Die Tafel Freital öffnet jeden Tag um 13 Uhr. „Viele Bedürftige sind aber schon viel früher da“, erzählt sie. Sie träfen sich dann hier, säßen zusammen und spielten Karten. Rauschenbach mag die Menschen, die zu ihr kommen. „Das sind DDR-Menschen, die es verlernt haben, sozial miteinander umzugehen“, sagt sie. „Hier bei der Tafel lernen sie es wieder.“

Insgesamt habe die Tafel Freital etwa 1.000 Kund*innen, am Tag kämen auch zwischen 40 und 70 Geflüchtete vorbei. Probleme zwischen den Einkaufenden gebe es fast keine, sagt Rauschenbach. Nur einmal, im Jahr 2017, habe eine Kundin lauthals verkündet: „Wir sind eine deutsche Tafel!“ Da habe Rauschenbach heftig widersprochen. „Wir brauchen Leute, die miteinander können, und nicht gegeneinander“, sagt sie. „Wir sind eine Tafel, die alles hat“, deshalb müsse niemand Angst haben, nichts mehr abzubekommen. „Die Deutschen haben auch ziemlich schnell mitbekommen, dass die Ausländer ihnen nicht das Schweinefleisch wegessen“, lacht sie.

Doch dann erzählt sie auch, dass schon häufiger Hakenkreuze an die Hauswand des Ladens geschmiert waren.
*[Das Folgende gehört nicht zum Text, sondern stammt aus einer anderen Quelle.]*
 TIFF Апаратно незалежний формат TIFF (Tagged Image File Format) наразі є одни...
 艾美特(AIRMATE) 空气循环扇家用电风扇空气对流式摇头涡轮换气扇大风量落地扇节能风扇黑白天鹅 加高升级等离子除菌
Das letzte Mal sei das 2016 passiert – wohl auch, weil Rauschenbach schlagfertig damit umgeht. „Wäre das noch einmal passiert, hätte ich daneben geschrieben: ‚Wenn dir die Farbe ausgeht, komm vorbei und hol dir neue bei mir‘. Man kann die Leute nur mit ihrer eigenen Dummheit schlagen.“ Sie ist der Meinung, die Lage in Freital habe sich seit den Ausschreitungen 2015 und seit der Festnahme der Gruppe Freital entspannt: „Es ist sehr still geworden, und das ist auch gut so.“ In Rauschenbachs Tafel zumindest gebe es keine rassistischen Ausschreitungen.